*Problem to work on*.
Copy the listing below letter for letter, passing over each picture.

*Provided data*.
=-=-=

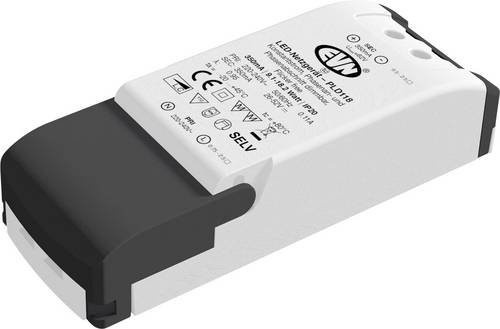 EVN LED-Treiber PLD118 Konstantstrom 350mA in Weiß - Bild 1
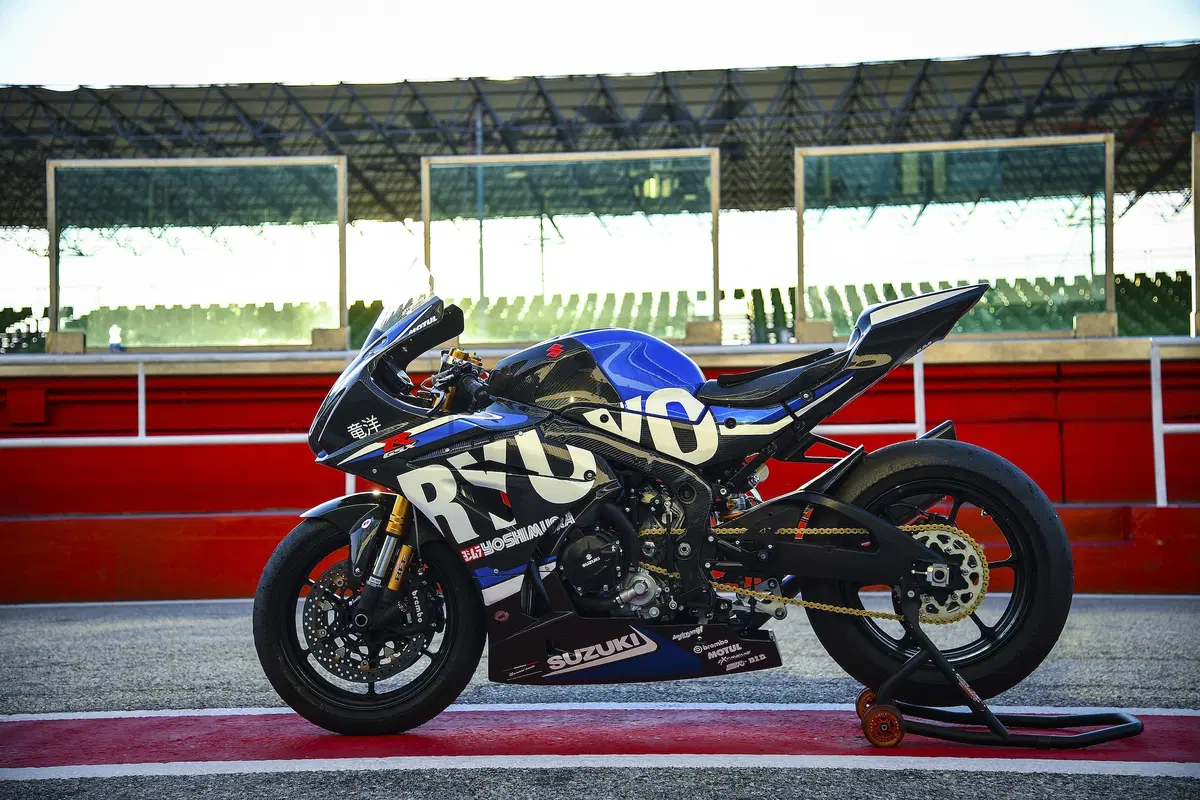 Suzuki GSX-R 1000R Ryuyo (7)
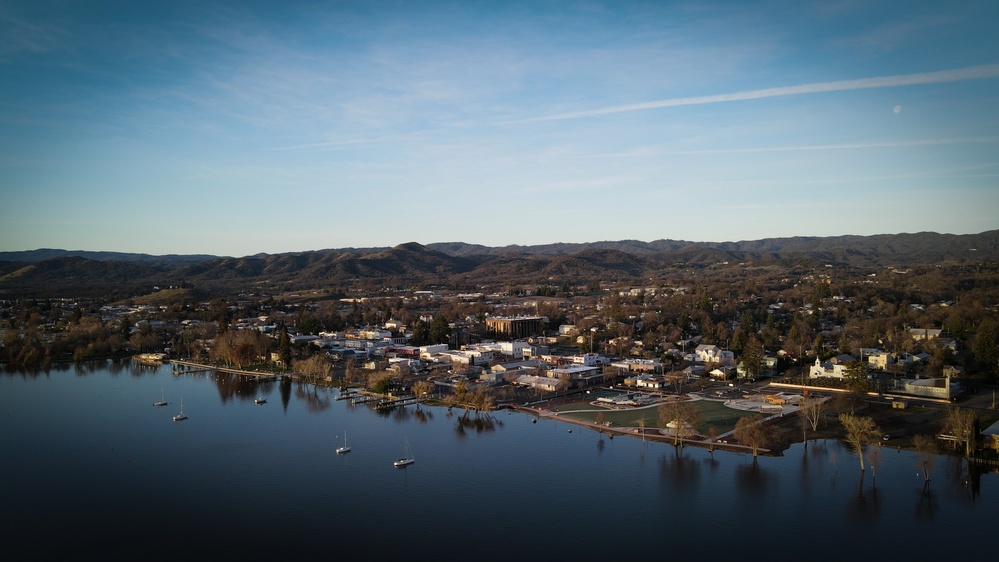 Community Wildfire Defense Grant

=-=-=

*Task result*.
 EVN LED-Treiber PLD118 Konstantstrom 350mA in Weiß - Bild 1
 Suzuki GSX-R 1000R Ryuyo (7)
 Community Wildfire Defense Grant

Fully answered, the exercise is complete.